Period 2Q12 / 1H12
Actual vs. Expectations
1H12 core net profit
of RM185m is considered slightly above expectations. Typically, 1H makesup
<52% of full year. The current 1H12 accounted for 54% of street’s FY12E core
earnings of RM341m and 55% of our RM336m.
Mandarin Oriental (MO) occupancy improved and we believe Menara 3
Petronas (M3P) Office saw better than expected rental rates.
Dividends 2Q12
single-tier dividend of 4.0sen (payable 12-Sept) implies 1H12 total of
8.0sen.
Key Results Highlights
YoY, 1H12 core
earnings grew 35% on the back of maiden M3P Office and full M3P Retail contributions.
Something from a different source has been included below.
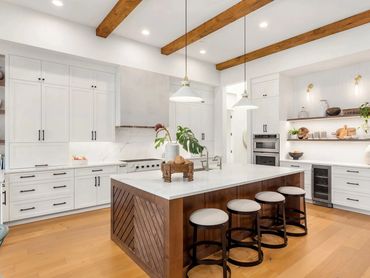 Warm kitchen remodel with island, pendant light, and open layout connected to adjacent living space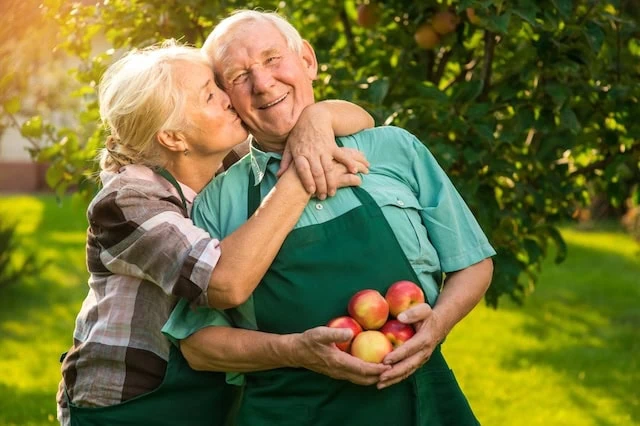 Are RMDs Required If You're Still Working? 7 senior spouse apple picking retirement strategy 640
MO’s PBT improved 45% to RM15m on improved occupancy rates (estimating 65%-67%)
and non-room incomes.
QoQ, 2Q12 PBT
(ex-fair value adjustments) was flat at RM184m albeit turnover rising 5% QoQ; positive
top-line effect was negated by higher operational cost (likely arising for M3P
Office start-ups) and higher finance cost (+3% QoQ).
Outlook Upcoming earnings catalyst is Menara Maxis (associate
holdings) long-term lease renewals which is coming up in May-2013; we have yet
to factor for renewed long-term lease rates.
Change to Forecasts
Raising FY12E core
earnings by 4% to RM350m to reflect better M3P Office rates and higher MO occupancy
rates (66% vs. previous 62%). Estimate FY12E NDPS of 16.0sen (3.1% yield) assuming
similar to historical payout of 43%.
Rating Maintain OUTPERFORM
KLCCP had undergone
de-rating over the last few years but it is now poised to re-rate up to its previous
glory and fully realize its value if full RCULS conversion and REIT-ing takes
place concurrently.
Valuation Raising Target Price to RM6.00 (RM4.60* previously)
to reflect full FD SoP RNAV. Based on the recent strong share price performance,
we strongly believe that the group may REIT most (if
not entire) portfolio.
Risks Risk
to our call lies with; 1) our scenario or variations of it not panning out this
year; 2) oversupply of office space in KLCC area which will pressure valuations
downwards; 3) decline in MO occupancy rates.